The debtor's second objection is to the inclusion in the proof of claim of costs and attorney's fees expended for the state foreclosure proceeding. She contends that Central failed to comply with HUD regulations in foreclosing on the mortgage. However, it has been established that HUD regulations on federally insured private mortgages were recommendations only and not prerequisites for the institution of foreclosure proceedings. Encarnacion Hernandez v. Prudential Mortgage Corp., 553 F.2d 241 (1st Cir.1977). Thus, there is no legal basis for excluding Central's claim for costs and attorney's fees expended on the foreclosure.

Perhaps anticipating the lack of legal precedent for declaring the foreclosure improper, the debtor further requests us to invoke an equitable remedy. We see no basis for that type of relief and we will accordingly deny the request.

The debtor's last objection is on the allowance of attorney's fees in excess of the 5% of the unpaid principal balance as specified in the mortgage agreement. The allowance of attorney's fees in a proof of claim is primarily accomplished through 11 U.S.C. § 506(b) of the Code which states:

(b) To the extent that an allowed secured claim is secured by property the value of which, after any recovery under subsection (c) of this section, is greater than the amount of such claim, there shall be allowed to the holder of such claim, interest on such claim, and any reasonable fees, costs, or charges provided under the agreement under which such claim arose.
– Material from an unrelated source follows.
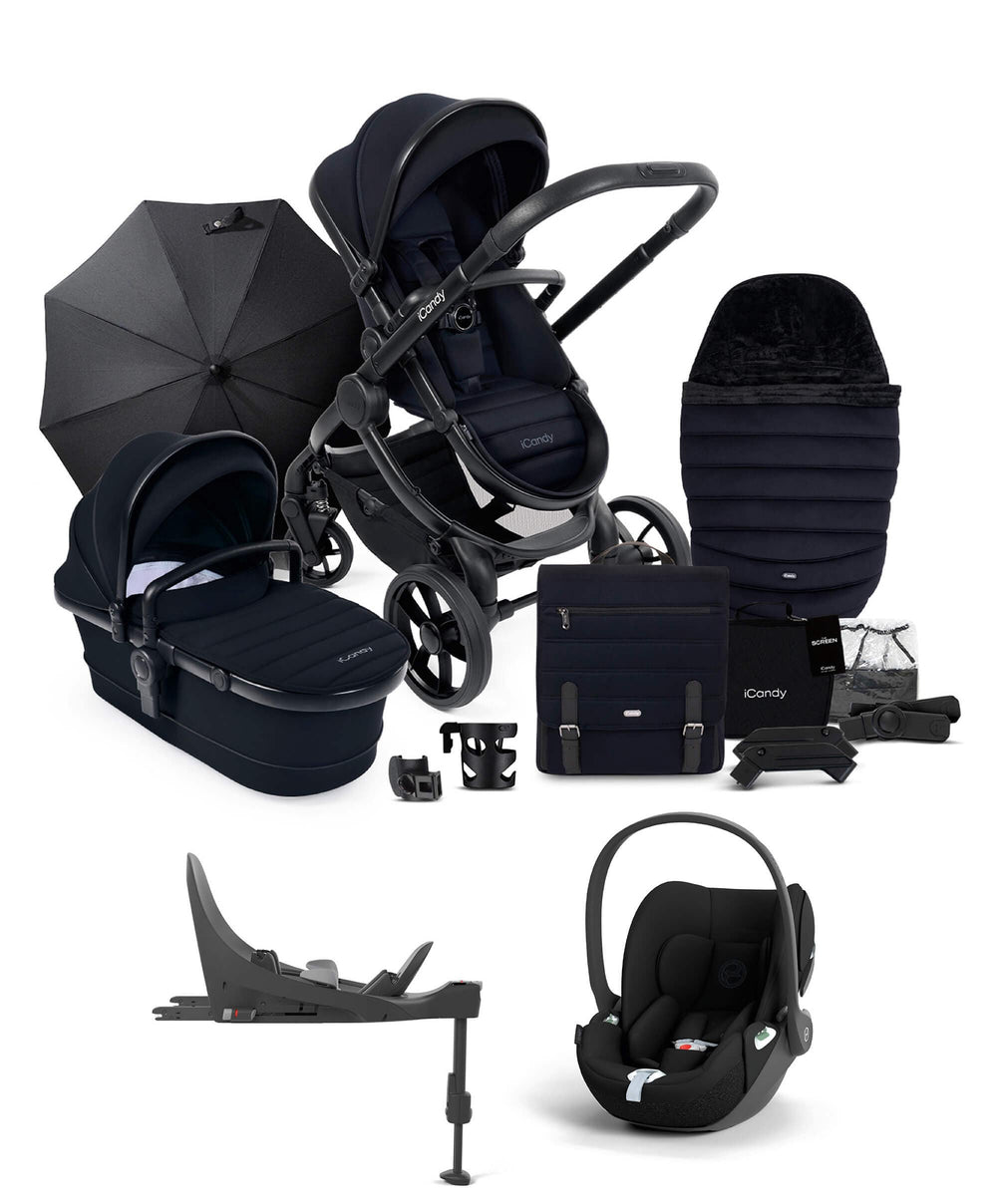 iCandy Pushchairs iCandy Peach 7 Pushchair Bundle with Cloud T Car Seat and Base in Black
11 U.S.C. § 506(b). Under this provision the allowance of attorney's fees is governed by the agreement between the parties and should be strictly construed. In Re Tolan, 41 B.R. 751, 753 (Bankr.M.D. Tenn.1984), In Re Cosby, 33 B.R. 949 (Bankr.E.D.Pa.1983). The mortgage agreement at issue limits the mortgagee's recovery of attorney's fees to 5% of the principal debt, which in the instant case amounts to $364.59.

In summary, Central sought in the proof of claim, inter alia, attorney's fees in the amount of $1,040.80, but we will reduce this sum by $676.21 in order to meet the cap of $364.59. We will also grant the debtor's request for a reduction of the creditor's proof of claim of $1,000.00 due to recoupment on the TILA violation and thus reduce the claim by a total of $1,676.21. We will also set a hearing to determine the amount of attorney's fees to be awarded to the debtor under the TILA. We will enter an appropriate order.

NOTES

[1] This opinion constitutes the findings of fact and conclusions of law required by Bankruptcy Rule 7052.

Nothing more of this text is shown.